──────── Supplied data ────────

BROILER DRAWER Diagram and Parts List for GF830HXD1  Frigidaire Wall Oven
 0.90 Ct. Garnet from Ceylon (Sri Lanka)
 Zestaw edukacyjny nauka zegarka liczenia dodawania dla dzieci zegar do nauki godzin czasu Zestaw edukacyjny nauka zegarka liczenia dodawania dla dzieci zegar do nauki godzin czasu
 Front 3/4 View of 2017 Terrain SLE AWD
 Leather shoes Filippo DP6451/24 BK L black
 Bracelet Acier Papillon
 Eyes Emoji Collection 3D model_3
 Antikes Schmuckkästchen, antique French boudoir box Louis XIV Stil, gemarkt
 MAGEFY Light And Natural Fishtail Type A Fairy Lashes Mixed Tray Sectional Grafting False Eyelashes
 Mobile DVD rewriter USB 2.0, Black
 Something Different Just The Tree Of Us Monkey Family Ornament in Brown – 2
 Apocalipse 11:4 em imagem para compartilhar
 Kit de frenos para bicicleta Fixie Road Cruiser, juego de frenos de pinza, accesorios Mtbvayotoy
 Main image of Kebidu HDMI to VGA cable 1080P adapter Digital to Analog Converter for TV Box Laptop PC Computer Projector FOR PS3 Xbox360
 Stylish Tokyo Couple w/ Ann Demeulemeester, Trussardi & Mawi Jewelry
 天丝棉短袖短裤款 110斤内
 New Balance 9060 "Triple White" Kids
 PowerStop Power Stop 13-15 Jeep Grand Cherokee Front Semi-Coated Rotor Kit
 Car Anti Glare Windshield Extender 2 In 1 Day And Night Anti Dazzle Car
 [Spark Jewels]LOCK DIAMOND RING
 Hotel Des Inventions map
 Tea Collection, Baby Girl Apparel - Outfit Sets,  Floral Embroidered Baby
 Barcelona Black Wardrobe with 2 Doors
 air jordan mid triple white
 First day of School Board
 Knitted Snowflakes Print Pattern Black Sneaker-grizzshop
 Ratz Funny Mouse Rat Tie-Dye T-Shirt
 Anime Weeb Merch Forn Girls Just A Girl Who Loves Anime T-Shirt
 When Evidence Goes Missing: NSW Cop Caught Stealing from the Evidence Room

────────

▶ [What is required]
Repeat exactly the lines of the material above, taking the first line, the line with "Hotel Des Inventions map", and every line between them.

▶ [Reply]
BROILER DRAWER Diagram and Parts List for GF830HXD1  Frigidaire Wall Oven
 0.90 Ct. Garnet from Ceylon (Sri Lanka)
 Zestaw edukacyjny nauka zegarka liczenia dodawania dla dzieci zegar do nauki godzin czasu Zestaw edukacyjny nauka zegarka liczenia dodawania dla dzieci zegar do nauki godzin czasu
 Front 3/4 View of 2017 Terrain SLE AWD
 Leather shoes Filippo DP6451/24 BK L black
 Bracelet Acier Papillon
 Eyes Emoji Collection 3D model_3
 Antikes Schmuckkästchen, antique French boudoir box Louis XIV Stil, gemarkt
 MAGEFY Light And Natural Fishtail Type A Fairy Lashes Mixed Tray Sectional Grafting False Eyelashes
 Mobile DVD rewriter USB 2.0, Black
 Something Different Just The Tree Of Us Monkey Family Ornament in Brown – 2
 Apocalipse 11:4 em imagem para compartilhar
 Kit de frenos para bicicleta Fixie Road Cruiser, juego de frenos de pinza, accesorios Mtbvayotoy
 Main image of Kebidu HDMI to VGA cable 1080P adapter Digital to Analog Converter for TV Box Laptop PC Computer Projector FOR PS3 Xbox360
 Stylish Tokyo Couple w/ Ann Demeulemeester, Trussardi & Mawi Jewelry
 天丝棉短袖短裤款 110斤内
 New Balance 9060 "Triple White" Kids
 PowerStop Power Stop 13-15 Jeep Grand Cherokee Front Semi-Coated Rotor Kit
 Car Anti Glare Windshield Extender 2 In 1 Day And Night Anti Dazzle Car
 [Spark Jewels]LOCK DIAMOND RING
 Hotel Des Inventions map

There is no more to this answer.